Stocks wobbled on Friday as traders fought to overcome worries that the Federal Reserve may start hiking rates again. All the major averages headed for a week of losses, however.
The S&P 500 was little changed, while the Nasdaq Composite rose 0.1%. The Dow Jones Industrial Average lost 110 points, or 0.3%.
All three major averages are headed for a losing week. The S&P 500 is off by about 0.6%, while the Nasdaq is on pace for a 0.3% decline. The Dow is the underperformer of the three, tracking for a 1.5% loss.
The Labor Department’s June jobs report showed payrolls increased less than expected, cooling down from May. Nonfarm payrolls rose by 209,000, while the unemployment rate came in at 3.6%. Economists polled by Dow Jones had anticipated 240,000 positions added and a similar jobless level.
But parts of the report, including stronger-than-expected wages numbers, heightened fears that the central bank may have reason to resume hiking later this month.
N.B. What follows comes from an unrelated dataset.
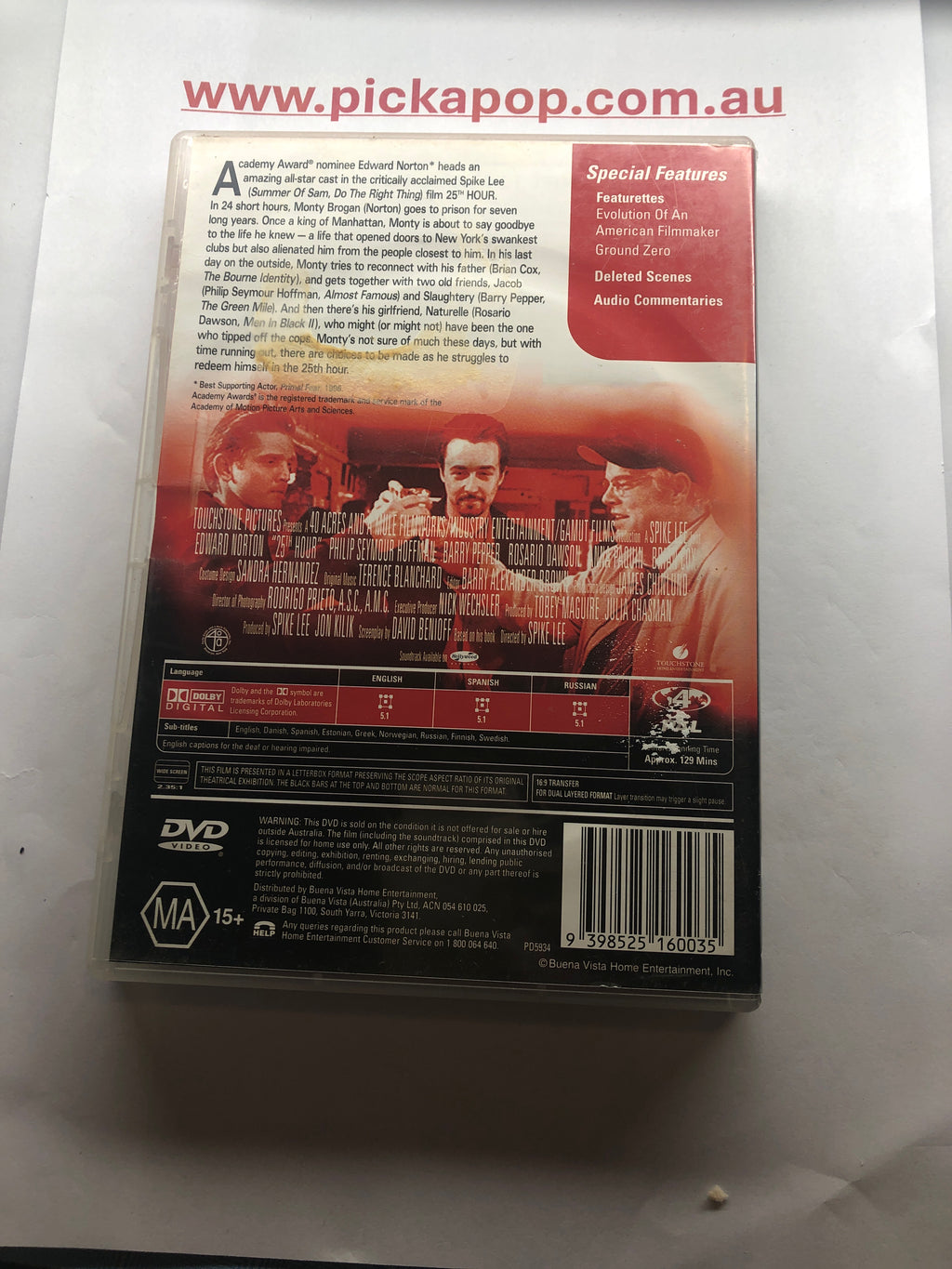 25TH HOUR - (PAL Region 4) DVD Cleaned and Tested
Average hourly earnings increased by 0.4% in June and 4.4% from a year ago. Meanwhile, the unemployment rate declined from 3.7% in May.
“It’s kind of a mixed picture today,” said Truist’s Keith Lerner. “It’s good news that the economy is not falling apart, it’s still chugging along, but you still have these wage pressures that are going to keep the Fed likely to raise rates at the end of the month.”
Near term, Lerner said equities are ripe for a pullback following a big June and second quarter. This could lead to consolidation and choppy action as markets head into earnings season.
Following Friday’s big data release, traders kept their bets on a resumption in hiking later this month, pricing in a 92% chance of a quarter-point hike on July 26. That’s about the same odds as a day ago, according to CME Group‘s FedWatch tool. Policymakers indicated at their June gathering that two more rate hikes could be ahead in 2023.